Many bandies seemed to relish the opportunity to be a part of a football game, that most primal suburban high school experience. To be a happy member of a marching band is to be stunningly conventional, to be cognizant of one’s limitations, and to maintain the illusion that people care, that people besides mom and dad are here to see you! That your contribution matters. And that you have the indomitable power to help your team, tootling them to sporting glory. Go Tigers! That people can be rallied to positive effect by good vibes and rehearsed choreography and John Williams chords. In many ways, marching band seemed like a precursor to the military, at least my idea of what the military is like. Or a strict religious observance. I, not being a fan of either, was a miserable slobbering mess when forced to play a trumpet in motion. I could perhaps attribute my high harm avoidance to the radical discomfort I felt around band people, at a time when I needed to find myself and discover my kind of people.

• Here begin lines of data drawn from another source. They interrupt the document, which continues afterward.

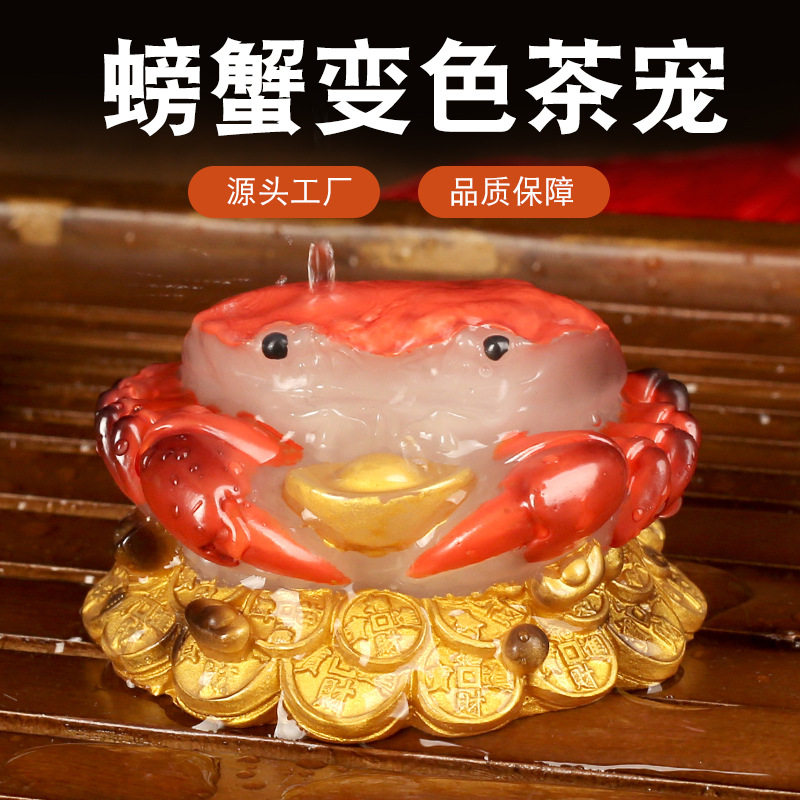 茶宠摆件冲水变色螃蟹装饰品创意
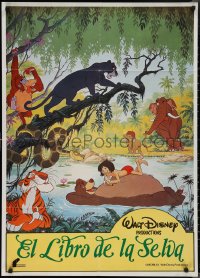 2g0282 JUNGLE BOOK Spanish R1980s Walt Disney cartoon classic, great image of all characters!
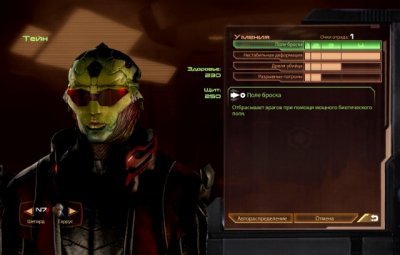 Mass Effect 2 Механики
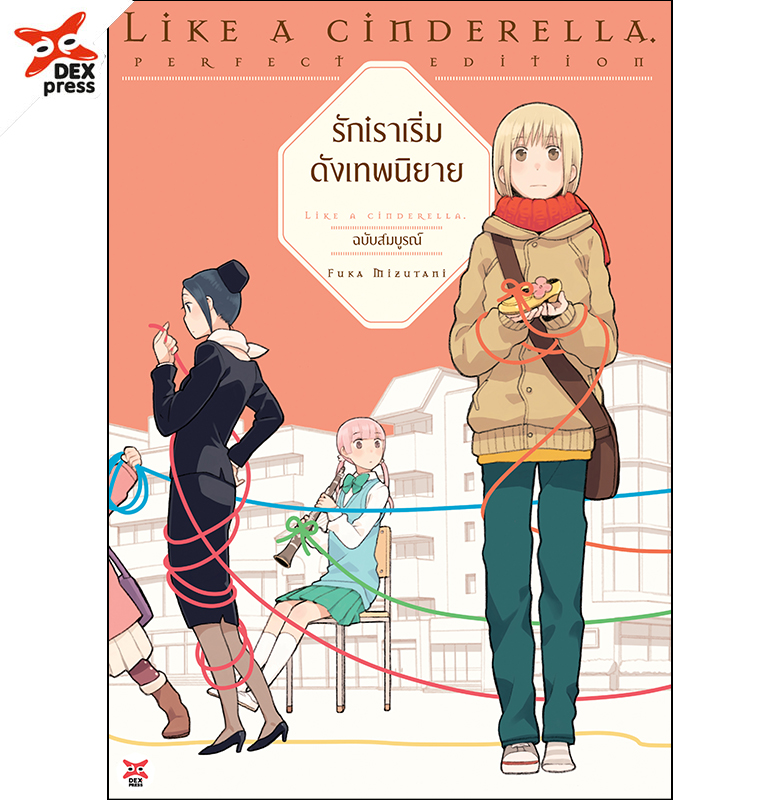 [DEXPRESS] รักเราเริ่มดังเทพนิยาย ฉบับการ์ตูน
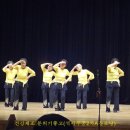 삼천동경로당 이미지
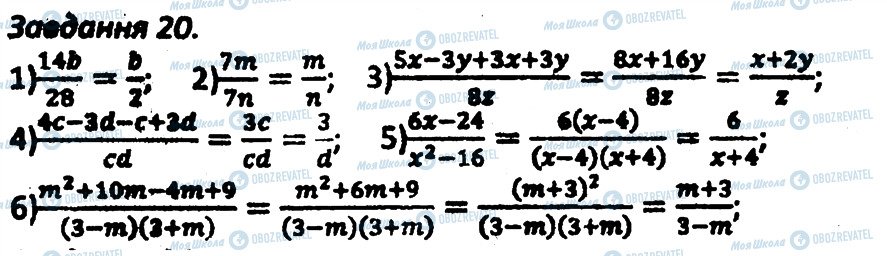 ГДЗ Алгебра 8 клас сторінка 20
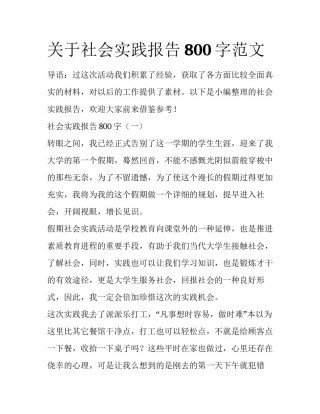 关于社会实践报告800字范文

Band camp was a formative experience. It was the first time I starved myself, the first time I was caught smoking. It included my first pitiful suicide attempt, my first big breakup. I was starving for attention amid people who were happy being part of a black and gold and white polyester group, who would not trade their faux brass buttons for tickets to Lollapalooza ’94. Band was probably a savior to many who welcomed a community of like individuals who salivated over belonging to a group. I preferred to clutch new vocabulary words close to me:  sovereignty and autonomy and iconoclasm. I was happiest in one of my many black T-shirts, reading in bed in the almost dark with the closet light on, and if mom was busy and leaving me alone, all the better. Band was both a microcosm and a nichey subset of high school; for a weirdo like me, it was possibly the worst place to be. In a high school homogenous in identicatory categories of race, religion, and class, relative trivialities of taste such as dress, music, appearance, and general conformism are telescoped to great importance. Civilians see the members as uniformly geeky, so when you have no real friends within band, you are kind of lost. I and three other reluctant members resisted becoming part of the group and yet with military precision, the steps and the songs and the commands got stuck in our heads. Even though I draped a thrift store cardigan over my instrument case, I was still part of them, they who didn’t even want me!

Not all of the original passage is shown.